In 1997, the RCMP laid three charges against Rivoire in connection with incidents alleged to have occurred in Naujaat and Arviat between 1968 and 1970, police told Nunatsiaq News in 2013.
They also said they issued a Canada-wide arrest warrant for him in December 1998.
But the Oblate order, which this year is celebrating its founding in 1816, has not sent their wanted priest back to Canada to stand trial.
Irniq said that when Tungilik was abused, he worked at the co-op in Naujaat at the same time that Rivoire served there as co-op manager.
Tungilik, a veteran Inuit leader, public servant and CBC radio announcer, was also a survivor of the Oblate-run Sir Joseph Bernier School, where he was sexually abused by Brother Lucien Parent, a notorious pedophile who molested many young Inuit students.
Parent died by suicide in Hull, Que. in 1979.
This means that even after the 2006 residential school settlement agreement and the Truth and Reconciliation Commission’s final report, the malignant legacy of the Roman Catholic church in Nunavut persists and the church’s victims still wait for vindication.
Halsberghe, the Belgian activist who in 2010 blew the whistle on fugitive priest Eric Dejaeger, later convicted of 32 sex charges involving Inuit children in Igloolik between 1978 and 1982, wrote an open letter to Prime Minister Justin Trudeau this past April that demands Rivoire’s extradition to Canada.
She said the PMO sent her a reply saying they have passed the matter on to Carolyn Bennett, the minister of Indigenous and Northern Affairs.
Halsberghe said Bennett’s office has yet to provide her with a response.
Fay Brunning, an Ottawa lawyer who has represented Indigenous survivors of a brutal Oblate-run residence at Fort Albany, Ont. called St. Anne’s, said it’s suprising that no Canadian attorney general has been willing to extradite Rivoire.
“In terms of the attorney general of Canada [Jody Wilson-Raybould], why would she not want to have that priest extradited and brought back here? And before the Liberals came in last October, why did Peter MacKay [former Conservative attorney general] not want that priest brought back?” she said.
Irniq said Inuit leaders in Canada should also raise the issue.
“I want to get more Inuit leaders to talk about this. I want more Inuit who are influential to talk about this and put pressure on the Canadian government — especially ITK, the Nunavut government, even Nunavut Tunngavik Inc.,” Irniq said.

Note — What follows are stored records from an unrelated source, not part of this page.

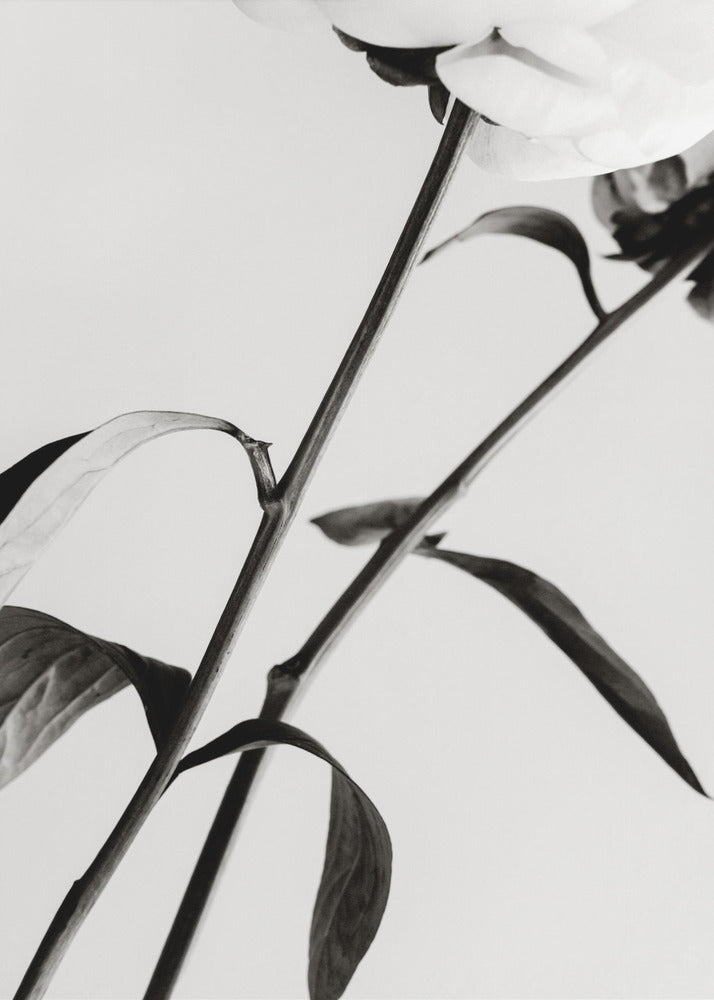 Peony 08 | Poster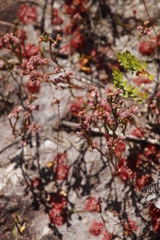 Erica gnaphaloides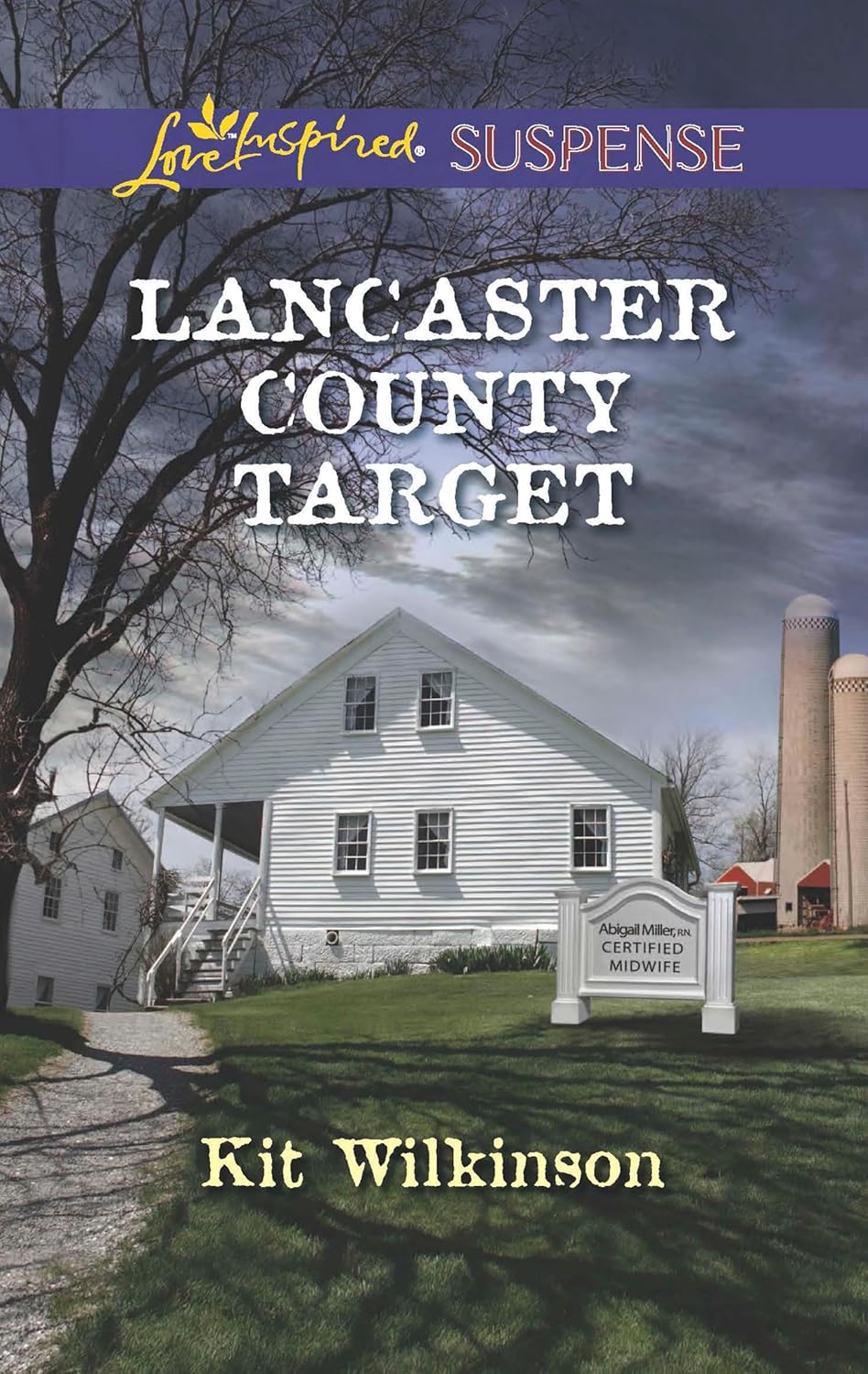 Lancaster County Target by Kit Wilkinson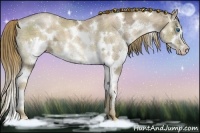 Horse Color:White Spotted Liver Chestnut Ice Pearl Sabino Splash 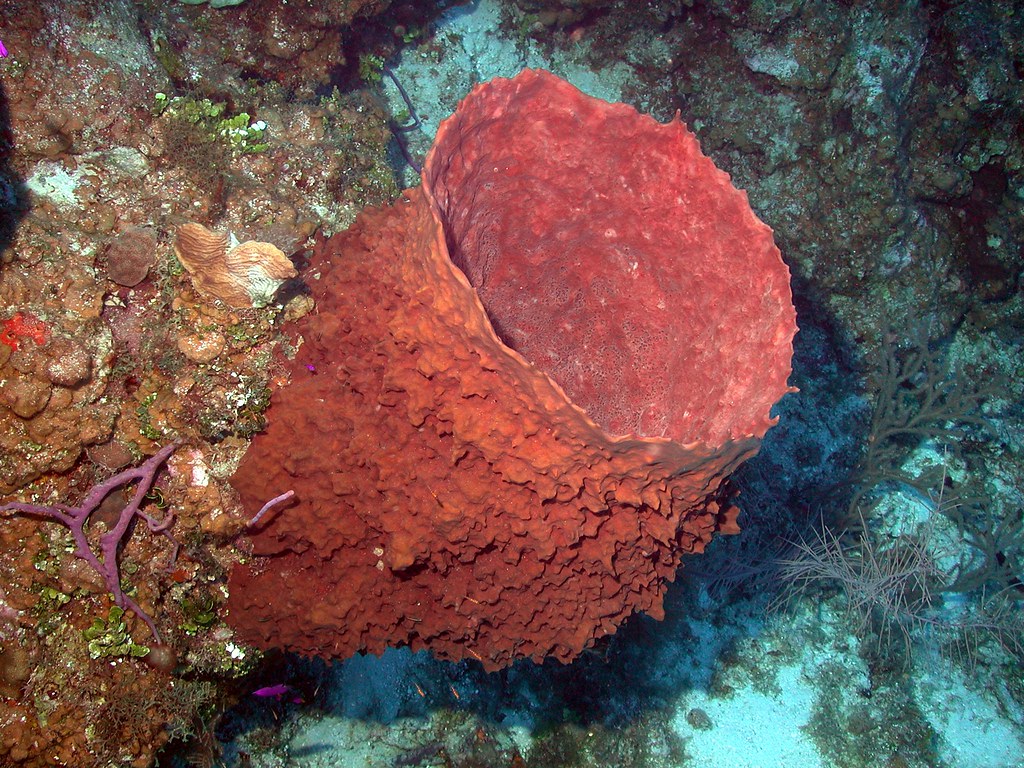 Image result for barrel sponge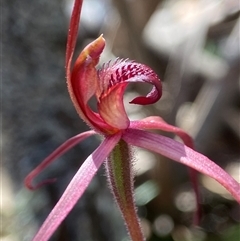 Caladenia orestes at suppressed - suppressed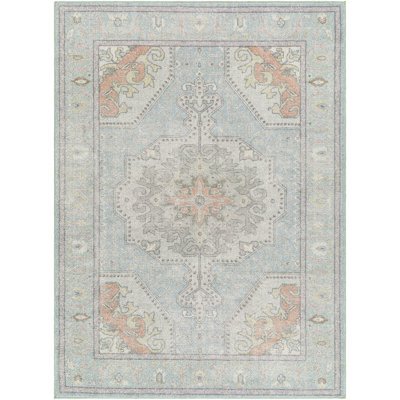Machine Washable Area Rug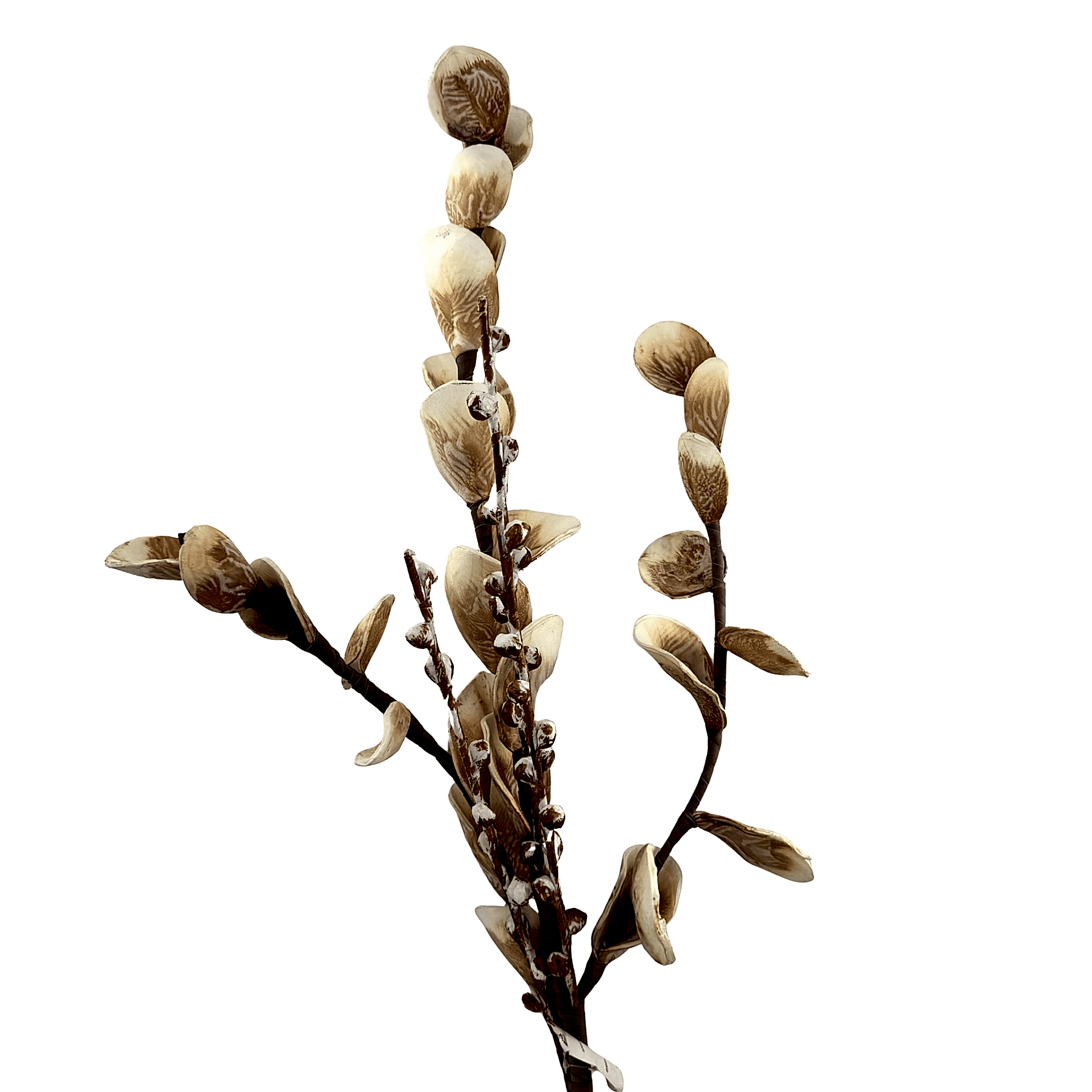 Nora Kahve Beyaz Tomurcuklu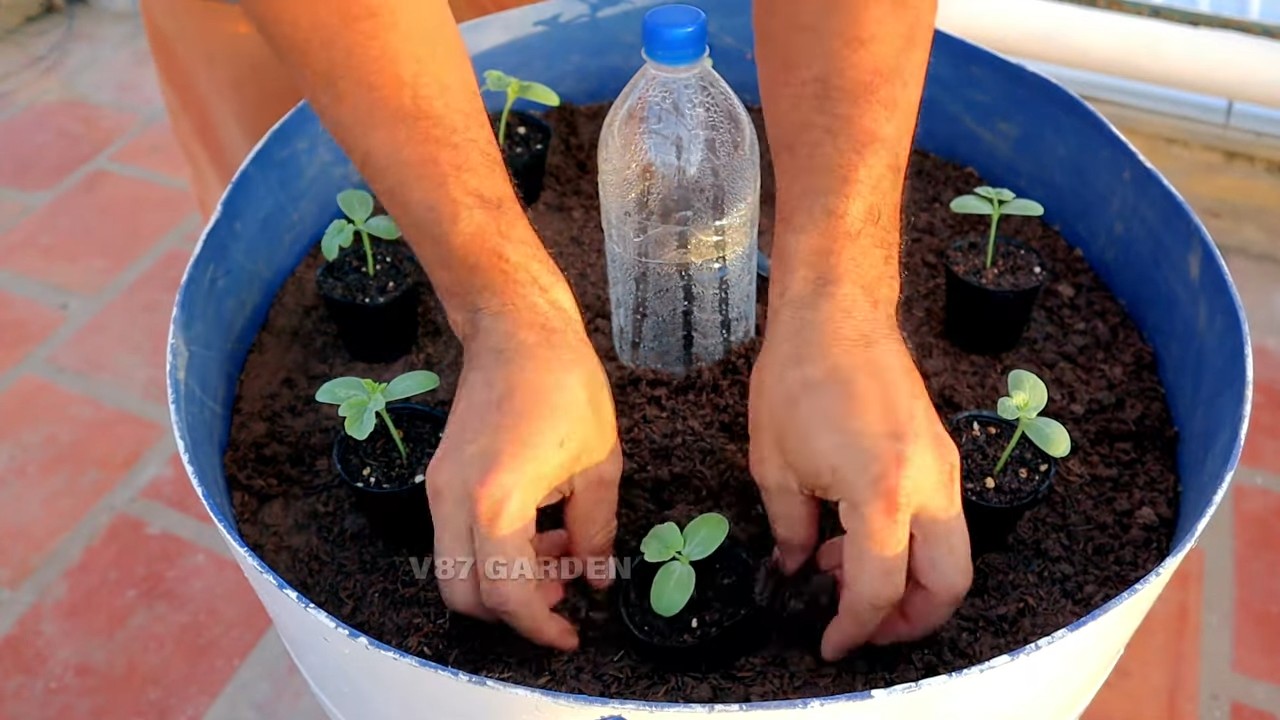Wassermelone veredeln einfach gemacht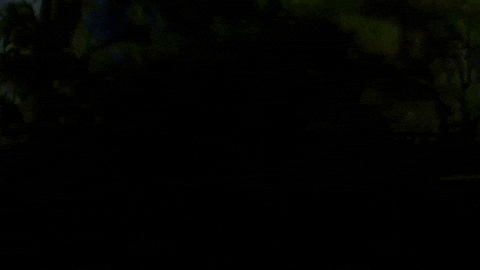 Film Art GIF by jorgemariozuleta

“This is a very serious issue and nobody can ignore it.”
Irniq said he and Tungilik began talking about Rivoire in 1995, at a conference of residential school survivors that was also attended by Phil Fontaine, the former national chief of the Assembly of First Nations.
The Oblates then sent Rivoire out of the country.
“We started talking about Rivoire, and then shortly after he went to France,” Irniq said.
Meanwhile, the Oblate centre at Edifice Deschâtelets, which trained many missionaries who since the 19th century have taken the church’s message to Inuit and First Nations people across northern Canada, has closed.
The Oblates sold the approximately 26 acres of land around it to a developer for $32 million.
The developer has begun construction of a project called Greystone Village, which will comprise about 900 condominiums, town houses and single family homes.
In 2014, the Ottawa Citizen reported Edifice Deschâtelets will be preserved as a heritage building, and will continue to house some retired Oblates until it is turned into housing, possibly for seniors.